Objective: To identify candidate biomarkers of blood stasis syndrome (BSS) associated with coronary artery disease (CAD) and explore the underlying inflammatory mechanisms.

Methods: Using the Olink Target 96 Inflammation panel, we identified plasma proteins in a group of 88 patients comprised of healthy controls (HCs), those with CAD and BSS (CAD-BSS), those with CAD without BSS (CAD-non-BSS), and those with BSS without CAD (non-CAD-BSS) (n = 22 in each group). Protein molecules that were specifically expressed in CAD or BSS were identified by differential expression analyses. Subsequently, potential protein biomarkers were identified using least absolute shrinkage and selection operator regression to enable CAD and BSS differentiation. The potential functional mechanisms of identified proteins were then determined by Gene Ontology enrichment and Kyoto Encyclopedia of Genes and Genomes pathway analyses.

Results: Patients with CAD had 31/92 upregulated and 4/92 downregulated proteins compared with those without. Chemokine (C-C motif) ligand 11 (CCL11), CUB domain-containing protein 1, hepatocyte growth factor, sirtuin 2 (SIRT2), eukaryotic translation initiation factor 4E-binding protein 1 (4E-BP1), CCL25, and tumor necrosis factor (TNF) showed the strongest upregulation (all P <0.0001).
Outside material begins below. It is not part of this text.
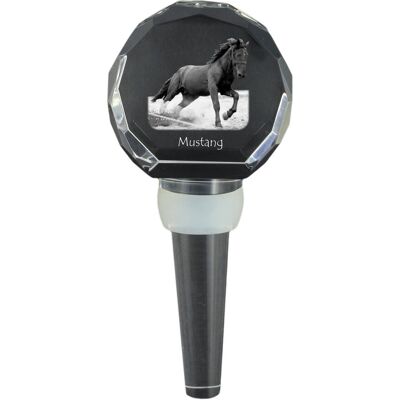 Mustang - kryształowa zatyczka do butelki z koniem, wyjątkowy korek do wina ze zdjęciem, personalizowany prezent dla sommeliera marki Art-Dog Mustang - kryształowa zatyczka do butelki z koniem, wyjątkowy korek do wina ze zdjęciem, personalizowany prezent dla sommeliera marki Art-Dog
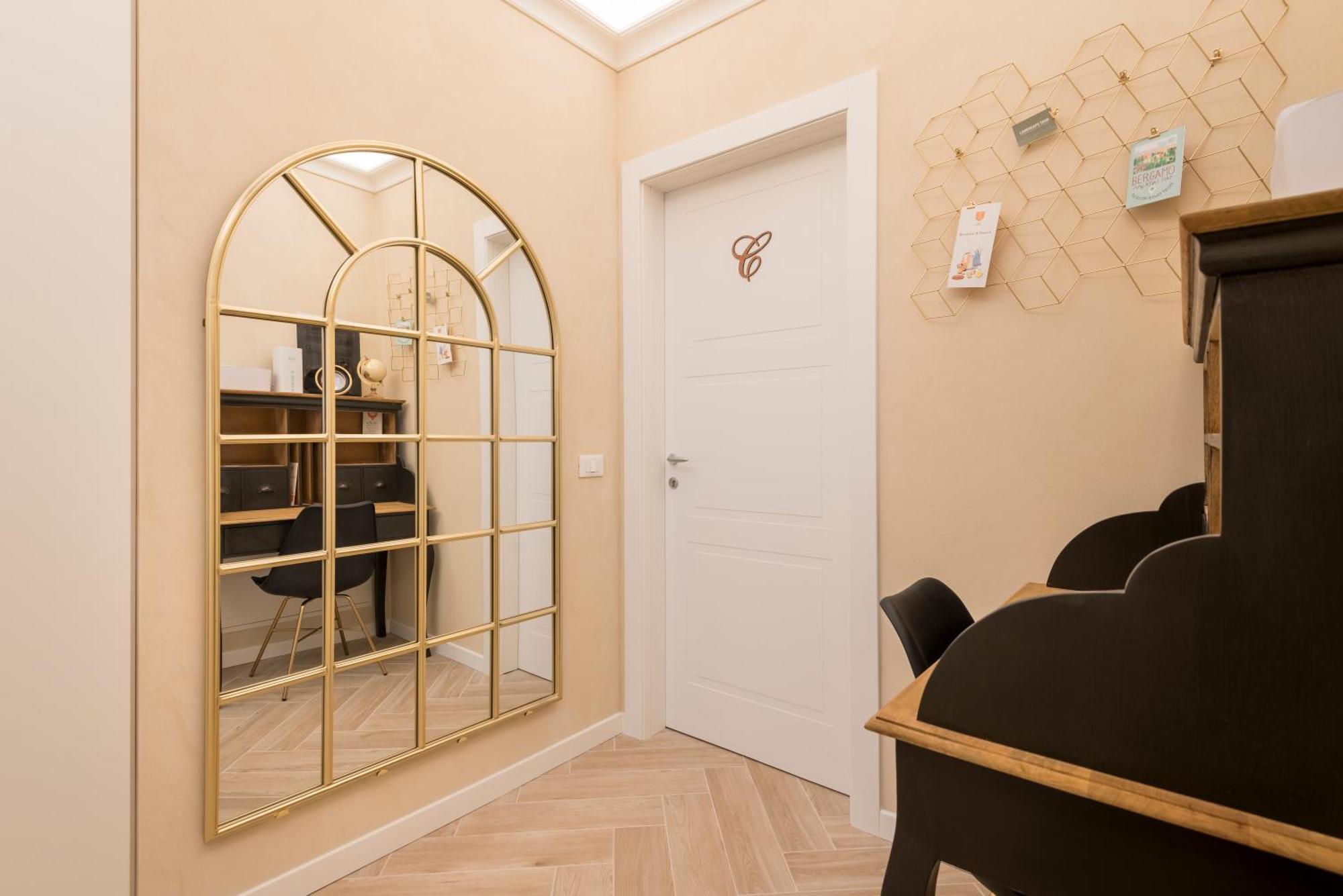 Apartmán Golden Chic - Citta Alta Bergamo Exteriér fotografie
Patients with BSS had 8/92 downregulated proteins, specifically CCL28, CCL11, cystatin D, STAM-binding protein, 4E-BP1, matrix metalloproteinase-10, SIRT2, and monocyte chemotactic protein 4, compared with those without (all P < 0.05). The CAD-BSS group had one interleukin-17 (IL-17) upregulated and 10/92 downregulated proteins compared with the CAD-non-BSS group. When compared with the non-CAD-BSS group, the CAD-BSS group had 8 upregulated proteins but only 2 downregulated proteins, namely interleukin-10 receptor subunit alpha (IL-10RA) and TNF-related activation-induced cytokine (both P < 0.05). Totally 10 proteins were identified as potential candidate biomarkers of BSS in CAD patients. After least absolute shrinkage and selection operator regression analysis, two proteins that distinguished between BSS and non-BSS individuals among CAD patients were identified (SIRT2 and 4E-BP1). These proteins are primarily associated with the mechanistic target of rapamycin signaling pathway, which regulates inflammation and oxidative stress.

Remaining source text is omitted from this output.